The way we speak about things reinforces how we see things and often doesn't allow us to even imagine any kind of alternative.
A classic example of this is cars and how societies think about the real value that cars offer.
Car culture is compelling and a century of it has moulded and entrenched our love affair with them to such a level that it's difficult to imagine people even being vaguely open to thinking about cars in any other way other than blind love.
But much like being in love with somebody who physically and emotionally abuses you every single day, but you still remain steadfastly devoted and loyal to that monster - so too car culture has hijacked our ability to think rationally about their existence.
When we block traffic from a street, like for a sports event or a street party, we say that the street is “closed”. But who is it closed for? For motorists. But really, that street is now open to people.
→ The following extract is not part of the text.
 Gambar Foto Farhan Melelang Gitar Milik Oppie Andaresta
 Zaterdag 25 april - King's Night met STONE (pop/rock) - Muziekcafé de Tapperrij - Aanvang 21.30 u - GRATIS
We say this because we’ve become accustomed to thinking about the street in “traffic logic”. For centuries, streets used to be a place with a multiplicity of purposes: talk, trade, play, work and moving around. It’s only in the past century that it has become a space for traffic to drive through as quickly and efficiently as possible. This idea is so pervasive that it has colonised our thinking. - via
Cars and traffic logic has not only colonised our thinking, but our blind devotion to car ownership is literally financially hijacking private and public entities.
For a telling analysis of just how crazy expensive car ownership actually is - here's a great analysis of the true cost of cars done by a German vlogger that's well worth a watch.
How much do cars really cost us?
The industrial complex behind private car ownership relies on notions of ‘freedom’ and ‘empowerment’ to sell their products. In reality, the average worker is forced to spend 30–40% of their income and a substantial amount of their tax money on owning a car, only to remain trapped in a system of dependency that delivers terrible outcomes for our health, our environment, and our cities.
Breaking that cycle of dependency requires more of us to view the alternatives as desirable – if not for health or environmental reasons then at least for our own economic benefit. That’s why, paradoxically, drivers who heavily rely on their car to get around should also be the most fervent advocates for developing or expanding car-free alternatives.
What you can take from this is that there are many historically 'accepted industrial systems' in the world that have become part of the fabric of our reality, but do little to serve the 'greater good' of us presently, or in the future.
If you think of a city like Cape Town, which has limited financial and geographic resources - our blind and unquestioning devotion to car culture is a key barrier preventing exploration into more equitable economic growth and development from taking place.
Superficially the money that we spend on road maintenance, accident-related services and management, parking, petrol, finance and all the other stuff mentioned in the video could rather be funnelled into other avenues that actually serve society better.
At a slightly deeper level, an alternative car narrative would open up a new thinking space where alternative, non-industrial community systems could feasibly be investigated.
Speaking out and calling for more critical thinking of our current interpretation of car ownership (along with questioning other systems like democracy and capitalism) is seen as heresy.
So we keep feeding the monster and keep getting the same results back, blocking our own agency to create anything better.
Alternatives are there - we just need to be able to see beyond the blindfolds obstructing our sight.